Laila Lalami – Acredito que esse dilema existe em muitos países, incluindo aquele em que vivo, os Estados Unidos. A tensão entre modernidade e tradição acabará por resolver a si mesma, seja através de mudança lenta e gradual ou por métodos mais rápidos, talvez mesmo violentos. Não sei se sou capaz de fazer um prognóstico, já que existem tantos fatores geopolíticos em jogo.
Foi fácil passar do conto para o romance?
Eu já havia escrito romances (que não foram publicados) antes de publicar Hope…, de forma que Secret Son foi apenas o retorno para uma forma que eu já conhecia e amara durante a maior parte da vida. O que me impressionou nesse novo romance foi que o processo de revisão foi diferente. Por exemplo, em Hope…, eu podia gerar uma estória e revisá-la, ou mesmo substituí-la por uma nova, sem com isso prejudicar o formato do livro como um todo. Mas em Secret Son, quaisquer mudanças em um capítulo inevitavelmente significariam mudanças em outras passagens do romance. Então, o processo de revisão foi muito mais trabalhoso.
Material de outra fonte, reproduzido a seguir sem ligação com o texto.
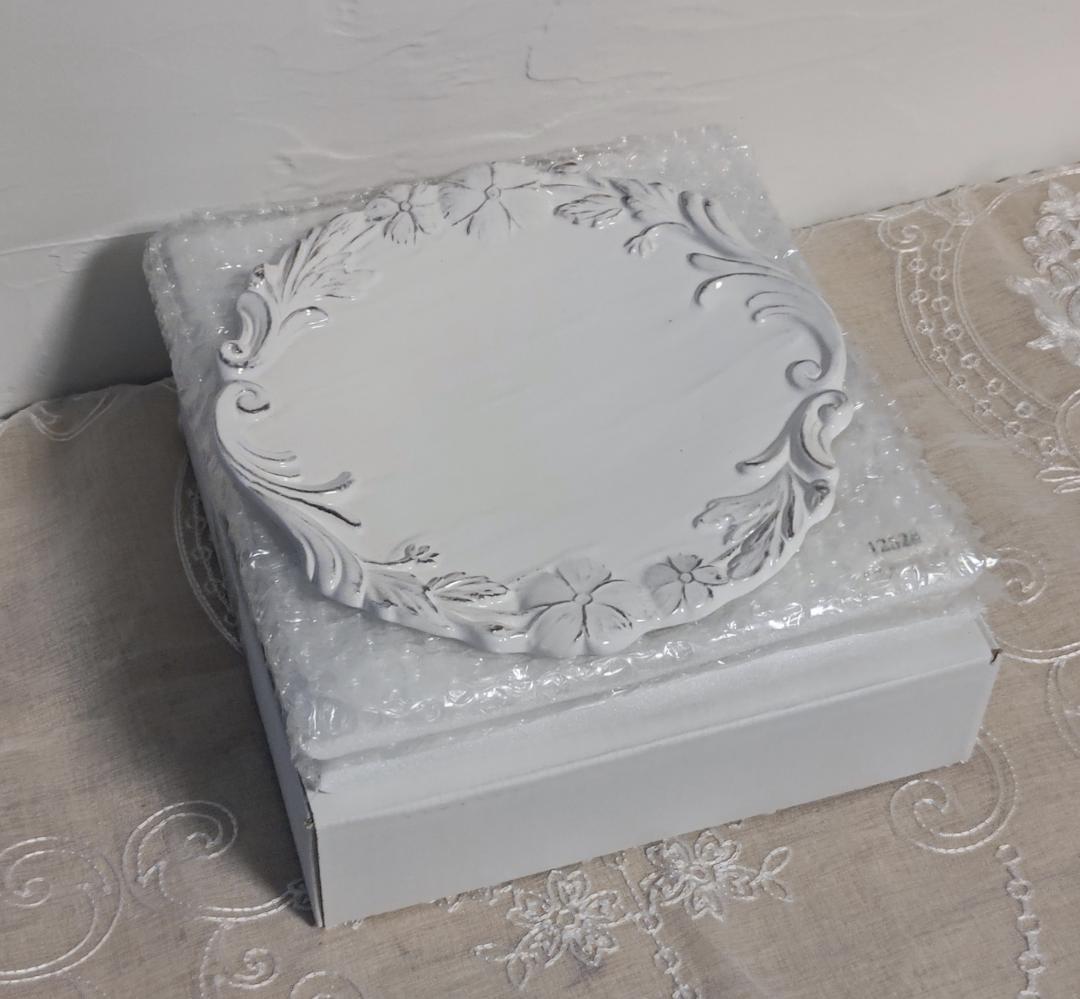 【新品未使用】ELIOS MYFLOWERディナープレート ３枚 サラグレース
Sua língua mãe é o árabe, sua língua literária primeiro foi o francês, mas seus dois livros foram escritos em inglês. Você se sente bastante à vontade em cada uma dessas línguas, ou, como outros autores em “diáspora”, se sente estrangeira em todas elas?
Eu cresci falando tanto o árabe marroquino e o francês, mas minha primeira exposição aos livros ocorreu através do francês, porque recebi uma educação semicolonial que priorizava mais o francês que o árabe. Por exemplo, a maioria dos livros didáticos disponíveis na minha cidade natal, nos anos 1970, era em francês. Então, quando eu era criança lia Tintin, Julio Verne, Alexandre Dumas. Quando comecei a escrever ficção, o fazia em francês. Embora pudesse ler e escrever em árabe bem o bastante, achava muito difícil escrever narrativas ficcionais em árabe.
Apenas quando entrei na adolescência é que fui exposta à obra de escritores marroquinos e árabes, como Leila Abouzeid, Mohammed Choukri, Naguib Mahfouz, Tayeb Salih. Comecei a estudar inglês aos 15 anos, no ensino secundário, e depois me formaria em inglês na faculdade. Quando me mudei para Los Angeles para a pós-graduação, decidi tentar escrever ficção em inglês, porque de alguma forma me sentia desconfortável escrevendo em francês. Acho que me sinto mais à vontade escrevendo em inglês, embora leia tanto em francês quanto em árabe.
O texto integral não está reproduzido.